Bay Harbor Islands racial composition (Hispanics excluded from racial categories) (NH = Non-Hispanic)
| Race | Number | Percentage |
|---|---|---|
| White (NH) | 2,748 | 46.40% |
| Black or African American (NH) | 111 | 1.87% |
| Native American or Alaska Native (NH) | 0 | 0.00% |
| Asian (NH) | 67 | 1.13% |
| Pacific Islander or Native Hawaiian (NH) | 0 | 0.00% |
| Some other race (NH) | 53 | 0.89% |
| Two or more races/Multiracial (NH) | 206 | 3.48% |
| Hispanic or Latino | 2,737 | 46.22% |
| Total | 5,922 |  |

===Demographic estimates===
In the 2016-2020 American Community Survey estimates, there were 1,555 families residing in the town.

===2010 census===
As of the 2010 United States census, there were 5,628 people, 2,494 households, and 1,418 families residing in the town.

Bay Harbor Islands Demographics
| 2010 Census | Bay Harbor Islands | Miami-Dade County | Florida |
| Total population | 5,628 | 2,496,435 | 18,801,310 |
| Population, percent change, 2000 to 2010 | +9.4% | +10.8% | +17.6% |
| Population density | 14,221.7/sq mi | 1,315.5/sq mi | 350.6/sq mi |
| White or Caucasian (including White Hispanic) | 91.5% | 73.8% | 75.0% |
| (Non-Hispanic White or Caucasian) | 49.1% | 15.4% | 57.9% |
| Black or African-American | 2.5% | 18.9% | 16.0% |
| Hispanic or Latino (of any race) | 46.3% | 65.0% | 22.5% |
| Asian | 1.2% | 1.5% | 2.4% |
| Native American or Native Alaskan | 0.2% | 0.2% | 0.4% |
| Pacific Islander or Native Hawaiian | 0.0% | 0.0% | 0.1% |
| Two or more races (Multiracial) | 2.3% | 2.4% | 2.5% |
| Some Other Race | 2.3% | 3.2% | 3.6% |

===2000 census===
In 2000, 20.3% had children under the age of 18 living with them, 35.6% were married couples living together, 10.7% had a female householder with no husband present, and 50.4% were non-families. 43.1% of all households were made up of individuals, and 18.6% had someone living alone who was 65 years of age or older. The average household size was 1.97 and the average family size was 2.71.

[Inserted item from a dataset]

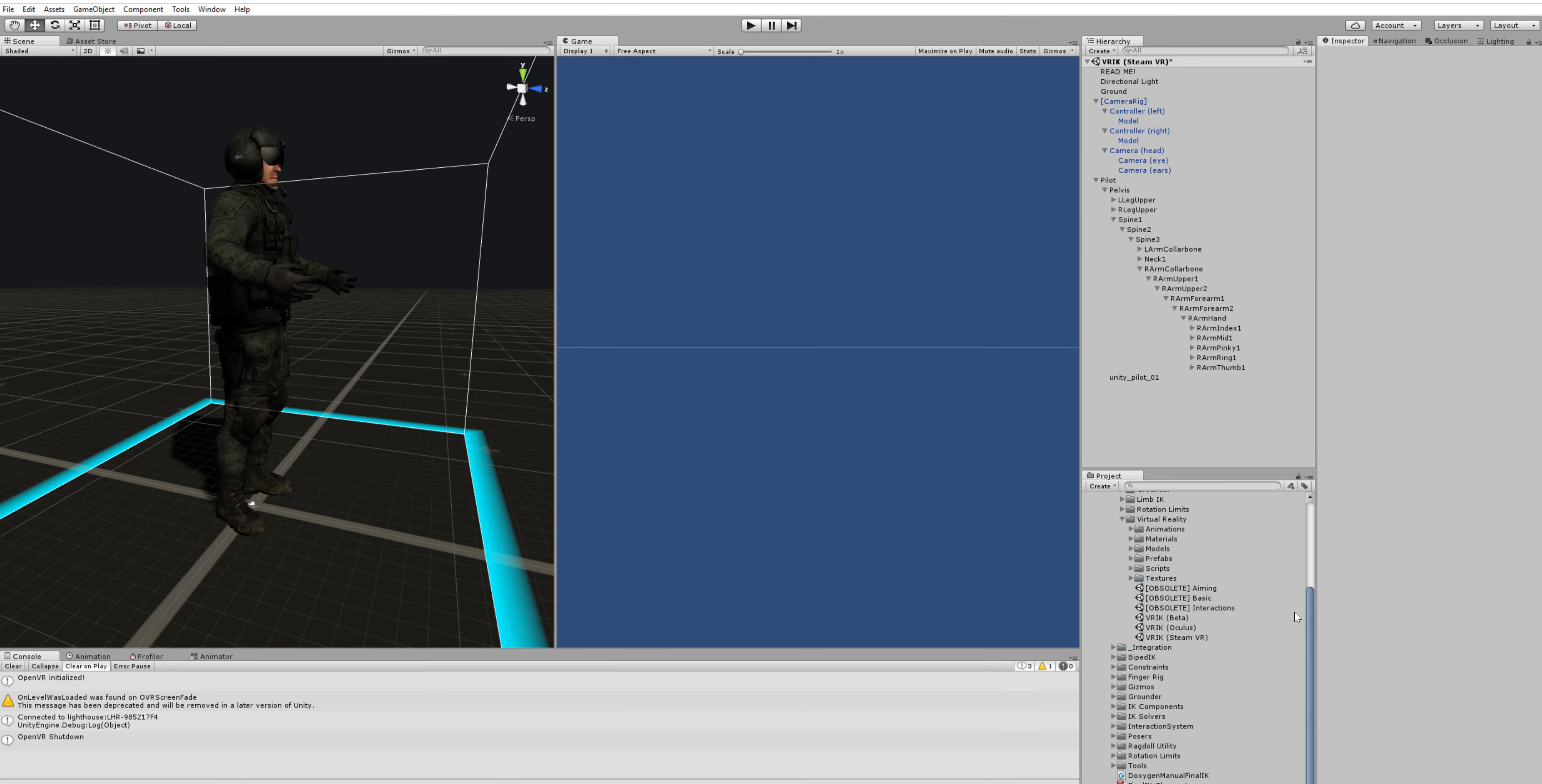Hi everyone, welcome to this tutorial about VRIK and how to set it up for SteamVR.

In 2000, the town's population was spread out, with 18.0% under the age of 18, 5.0% from 18 to 24, 32.1% from 25 to 44, 21.7% from 45 to 64, and 23.3% who were 65 years of age or older. The median age was 42 years. For every 100 females, there were 80.1 males. For every 100 females age 18 and over, there were 75.3 males.

In 2000, the median income for a household in the Town was $38,514, and the median income for a family was $43,939. Males had a median income of $38,750 versus $31,044 for females. The per capita income for the Town was $29,261. About 8.0% of families and 13.1% of the population were below the poverty line, including 20.7% of those under age 18 and 6.8% of those age 65 or over.

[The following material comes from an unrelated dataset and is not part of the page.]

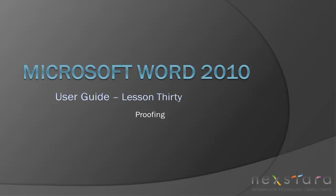Thank you for joining Nexstar TV for Microsoft Word 2010 User Guide Lesson 30, Proofing. If you've enjoyed this video, be sure to visit www.nexstar.tv for other tutorials, or subscribe to our YouTube channel at www.youtube.com/nexstar.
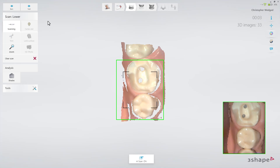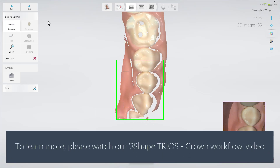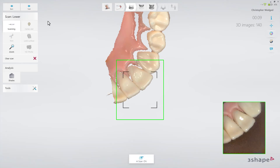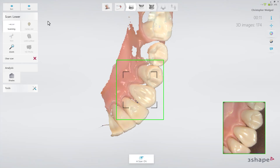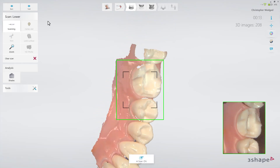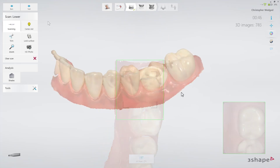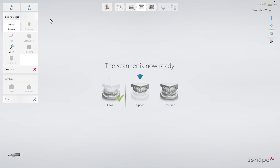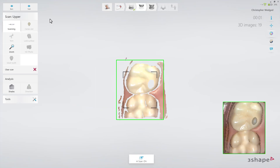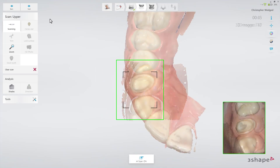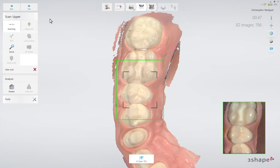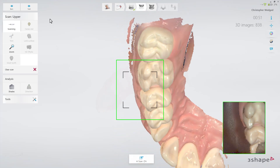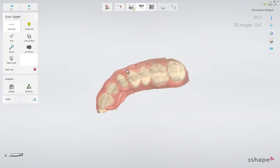For cases where parts of the margin are subgingival, follow one of the two scanning options outlined in the crown video. In this particular case, there are no parts of the margin below gingiva, so simply follow the official scan strategy. Now proceed to the upper arch and scan the same area as in the lower arch, following the official scan strategy.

As of 2000, speakers of English as a first language constituted 52.05% of the population, while Spanish accounted for 43.90%, Portuguese 1.65%, Hebrew 1.30%, and French 1.10%.

==Education==
Ruth K. Broad Bay Harbor K–8 Center in Bay Harbor Islands serves as the local elementary and K–8 school. Residents who want to have a conventional middle school may instead choose the zoned middle school, Miami Beach Nautilus Middle School. Miami Beach Senior High School is the senior high school serving this area.

==Notable people==

- Christian Fittipaldi (born 1971), race car driver
- George Kenney (1889–1977). United States Army general during World War II
- Nito Mestre (born 1952), songwriter
- Michael Salzhauer (born 1972), plastic surgeon
- Louis Slobodkin (1903–1975), sculptor, writer and illustrator of numerous children's books
- Sebastian Spreng (born 1956), visual artist and music journalist
- Walter Stone (1920–1999), screenwriter The Honeymooners
- Néstor Torres (born 1957), jazz flautist
- Lesley Visser (born 1953), sportscaster who was the first female NFL analyst on TV
- Garrett Wittels (born 1990), baseball player

==In popular culture==
In the TV series Dexter, the title character Dexter Morgan's apartment is in Miami, but a real condo in Bay Harbor Islands was used for the exterior shooting location. In the second season of Dexter, the discovery of Dexter's victims' remains inspires the press to dub the serial killer the "Bay Harbor Butcher."

Parts of the video for the song "La Tortura" by Colombian recording artist, Shakira, featuring Spanish recording artist Alejandro Sanz, was recorded at the historic Coral Sea Towers building in Bay Harbor Islands.